For The Record 4/3/2017

By Editorial

The first clear indication that President Trump’s nontraditional style had forced this year’s Inner Circle Show to adapt accordingly came at the start of the second act April 1 in the Sheraton New York Times Square, which was set in Grand Kremlin Palace.

Cast members playing the Red Army Choir offered a parody of one of its classics, “Katyusha,” singing, “Donald Trump respects President Putin/In return, we honor him tonight/He don’t care if we fix U.S. election/Agent Orange thinks like a Muscovite.”

By that point, the motley crew of past and present City Hall reporters involved in the charity show had offered a more-typical roasting of Mr. de Blasio that began with, to the tune of “YMCA,” “Enjoy your day at the YMCA/Now that you bought off the damn PBA/Win yourself a new term, your support will be firm/All your critics will crash and burn.”

When one of his campaign advisers expressed concern about how to energize the voters, the Mayor, played by WCBS-radio’s Rich Lamb, replied, “We could give them Red Bull.” To which another aide countered, “You’ve been giving them progressive Red bull for three years. It ain’t working.”

Venturing over to Trump Tower, Mr. de Blasio discovered that the doorman was Chris Christie (WPIX’s Dan Mannarino), who said that he had hoped for something better for supporting the President, but “thanks to Local 32BJ, I’ll get a better pension than I had as Governor of New Jersey.”

Alicia Glen, played by Daily News City Hall bureau chief Jillian Jorgensen, noted the irony that in contrast to the Mayor, her job as his Deputy Mayor for Economic Development left her too busy to get to the gym and sang an ode to Spanx to the tune of “Baby Got Back.”

Mr. de Blasio asked his wife Chirlane, played by former WPIX anchor Brenda Blackmon, to psychoanalyze Mr. Trump, and after some scientific jargon, she translated: “He’s a few fries short of a Happy Meal…I’d treat him now, but we’re blowing our entire mental-health budget on curing the City Council.”

With body cameras for cops on the way, Police Commissioner James O’Neill (veteran news director Phil O’Brien) and PBA President Pat Lynch (NY1 political director Bob Hardt) performed a duet to the tune of “I Feel Pretty,” with Mr. Lynch singing, “We’ll be charming, not alarming/Won’t be harming the perps and the thugs/ ’Stead of handcuffs, we’ll arrest you with a kiss and hugs.”

Hillary Clinton, played by Juliet Papa of WINS, to the tune of “I Will Survive,” set her sights on cracking the glass ceiling in the city by running for Mayor.
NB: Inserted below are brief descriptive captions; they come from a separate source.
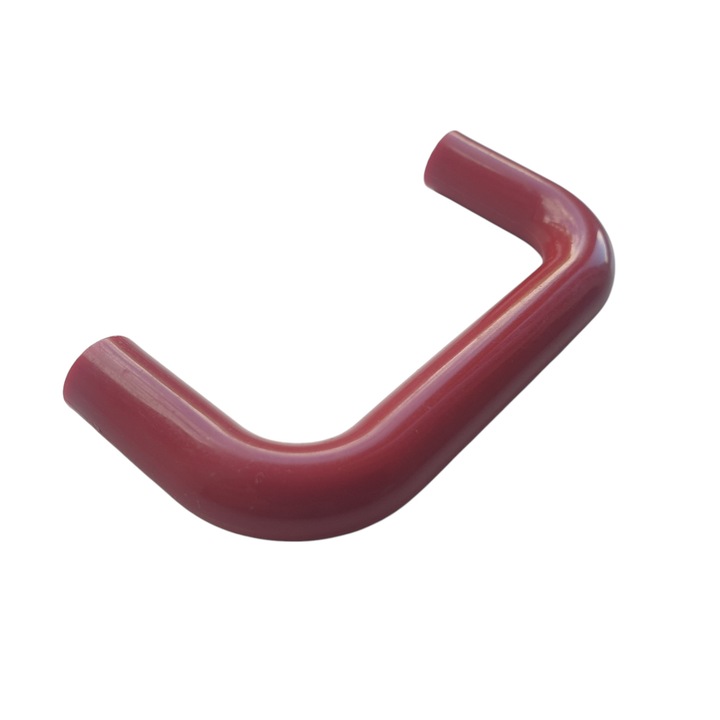 Ajtókilincsek, Metafranc, 64 mm, műanyag, 5 db-os csomag, piros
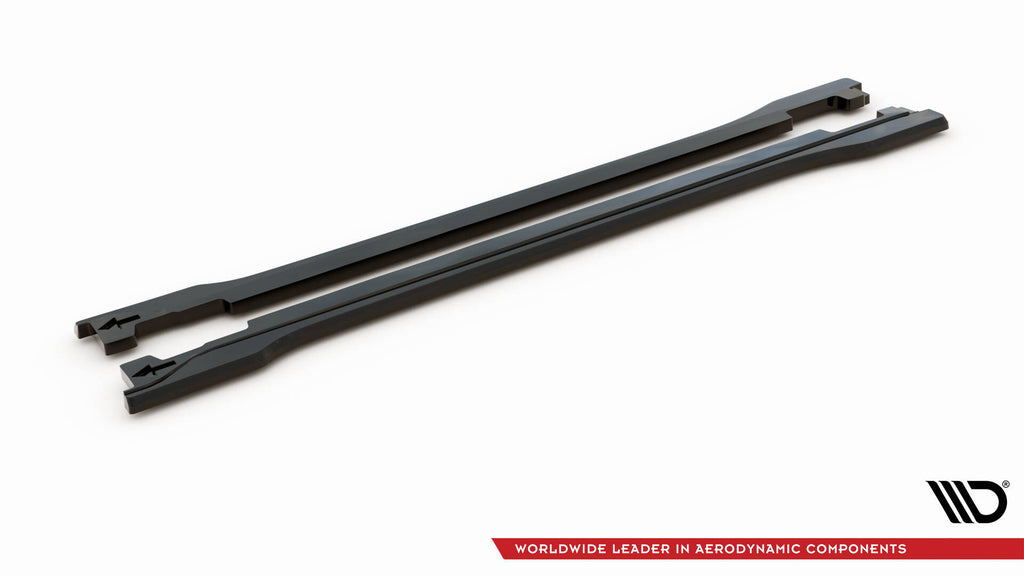 Kit Completo Splitter compatibile con Hyundai Tucson Mk4 (2020-2024)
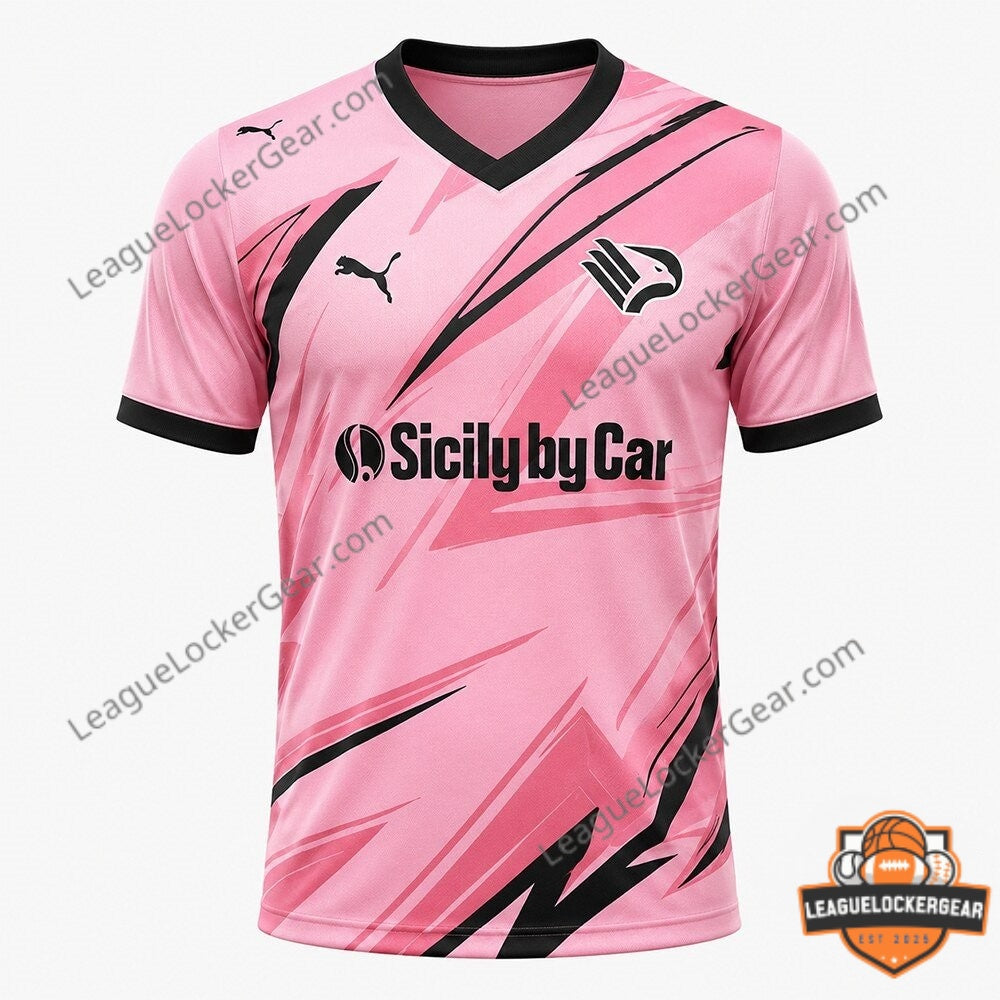 Puma Palermo FC 2026/27 Home Soccer Jersey - LeagueLockerGear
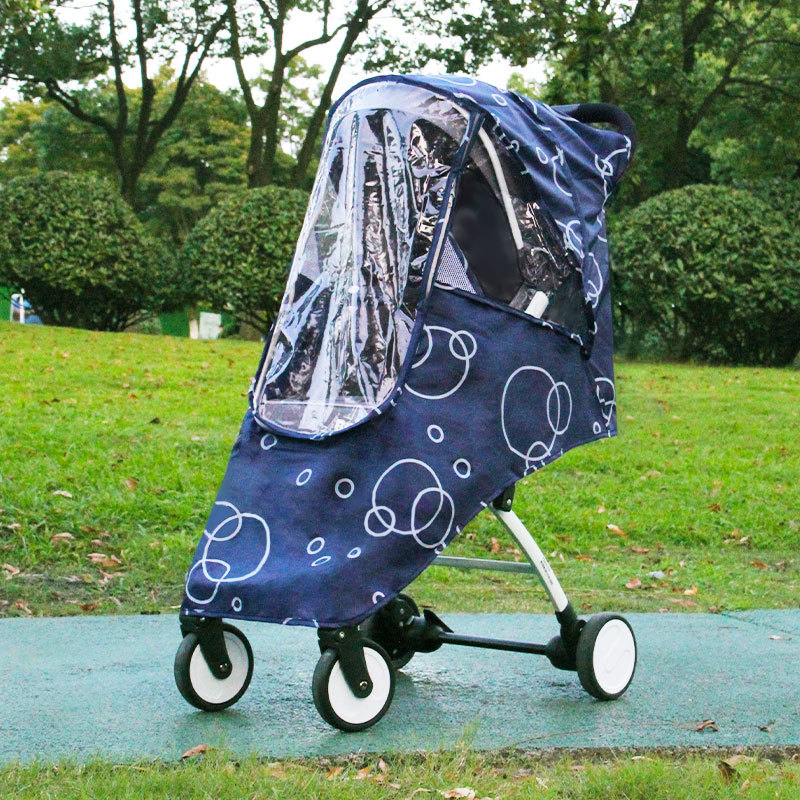 Universeller Regenschutz für K – Stroller Rain Cover Bewertung und Preis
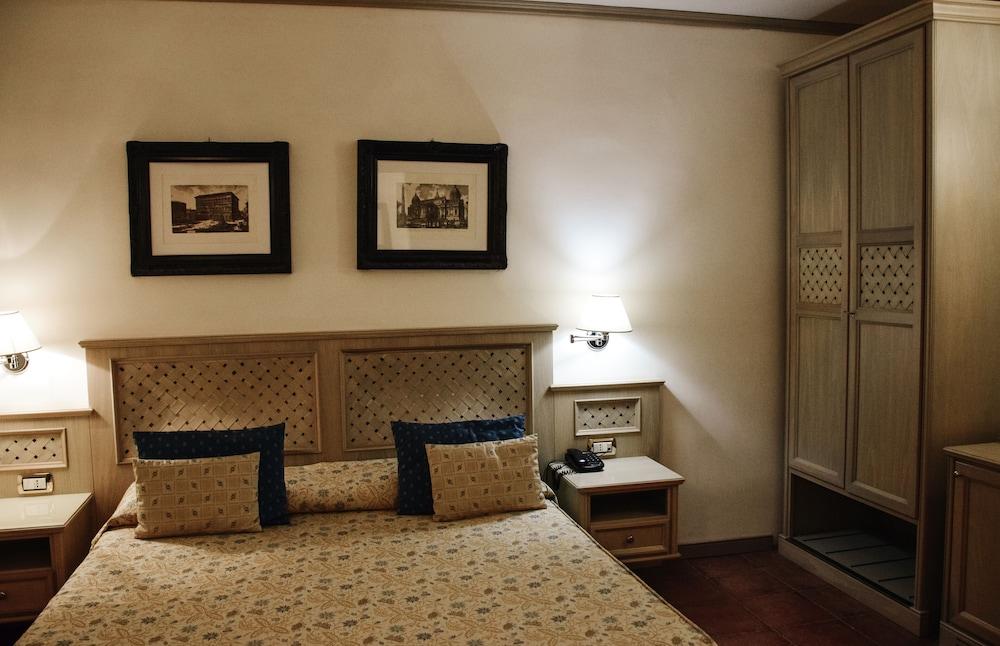 Hotel Quadrifoglio by Mancini - Room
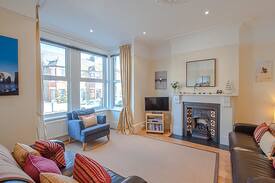 Broadstairs House | Seagulls Rest five bedroom house near Viking bay!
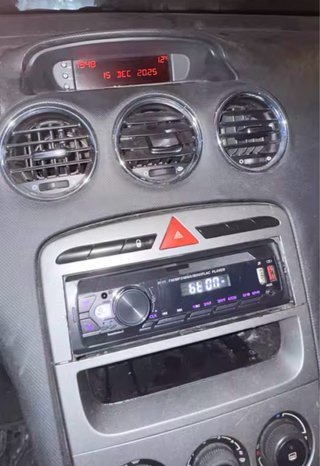 Radio Coche Bluetooth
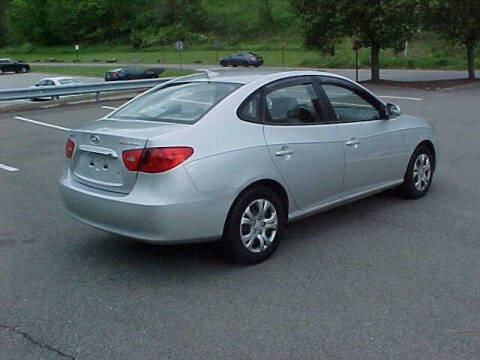 2010 Hyundai Elantra GLS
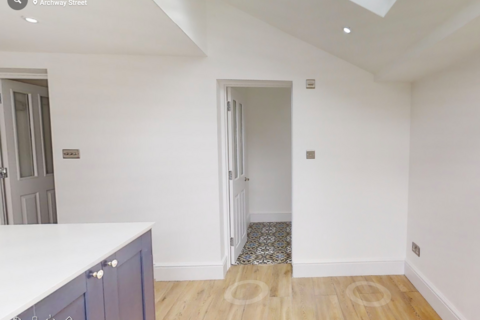 4 bedroom terraced house to rent, Archway Street, Barnes, London, SW13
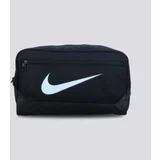 Nike Športna torba 'Brasilia' črna / bela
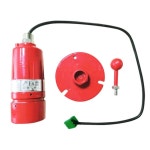 감지기 적외선 불꽃 연기 소방장치 화염 경보 소방 경보기 포인트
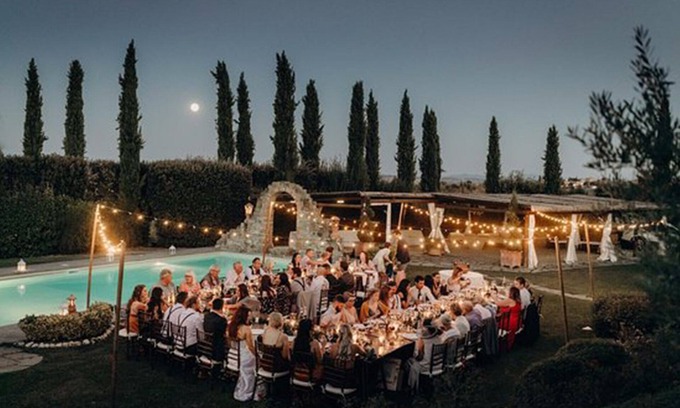 Santarello Villa | Fantastic villa in southern Tuscany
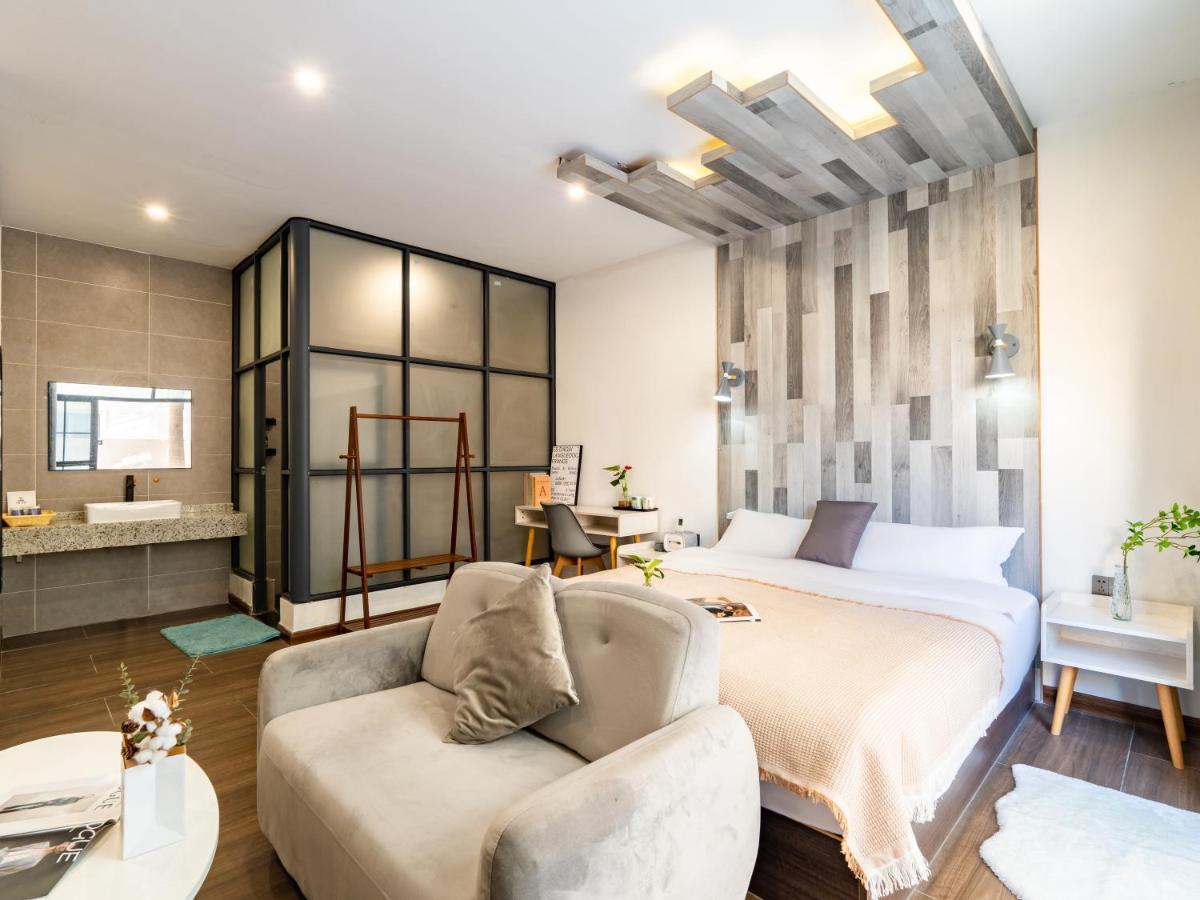 Beihai Silver Beach Yintai Time Seaview Villa Hotel Dış mekan fotoğraf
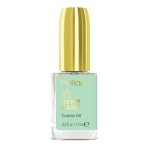 Helios Aceite Nutritivo de Cutículas y Uñas - Reparador Hemp - Aceite Natural Cannabis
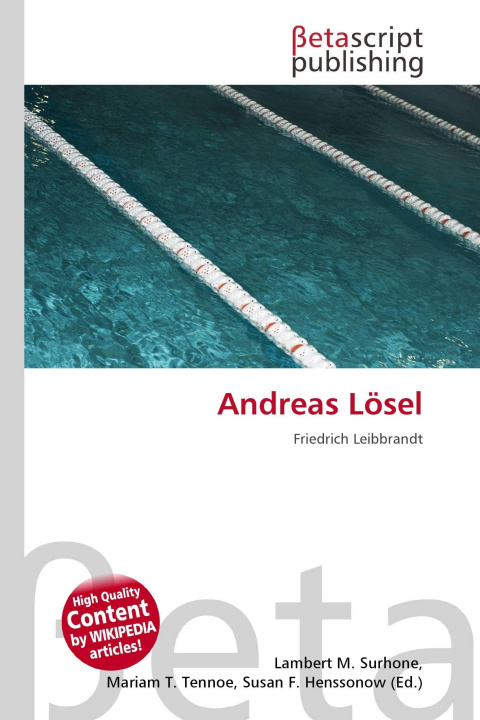 Knjiga Andreas Lösel Mariam T. Tennoe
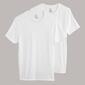 Mens Big & Tall Jockey&#174; Cotton Stretch Crew Neck Undershirt - image 5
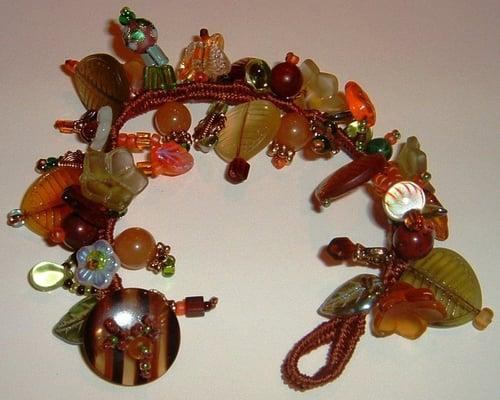 Bracelet by Stephanie Roberts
And two of those who held the job, Rudy Giuliani (with NY1’s Courtney Gross as a woman playing a man in drag) and Michael Bloomberg (WNBC-TV’s Andrew Siff, once again) declared that they had audited the mayoral election and discovered that because of disenchantment with both Ms. Clinton and Mr. Trump, voters selected two other New York politicos—themselves—to serve as co-Presidents. They sang, to the tune of “The Fools Who Dream,” “Here’s to our White House dream/Foolish as it may seem/Here’s to the mess we make/Here’s to the balls we break.”

In Act 2, Governor Cuomo (played by this newspaper’s Richard Steier) and longtime girlfriend Sandra Lee (Hazel Sanchez of WCBS-TV) sang of their conflict between her desire to tie the knot and his obsession with career advancement, to the tune of “You’ll Be Back,” with the Governor insisting, “But I’ll save us from Trumpster/I’ll leave him in the Dumpster” and Sandra countering, “Don’t play me for a chump, sir/Or you will take your lumps, sir.”

Playing the “real President,” Steve Bannon, Inner Circle Producer Larry Sutton as a Darth Vader-like character, to the tune of “Highway to Hell” sang, “Screw convention, screw the facts/Tell Australia: we’ll attack/Don’t need reason, don’t need rhyme/That’s gonna be my paradigm.”

Mr. de Blasio’s rebuttal was aided by Trump imitator Anthony Atamanuik.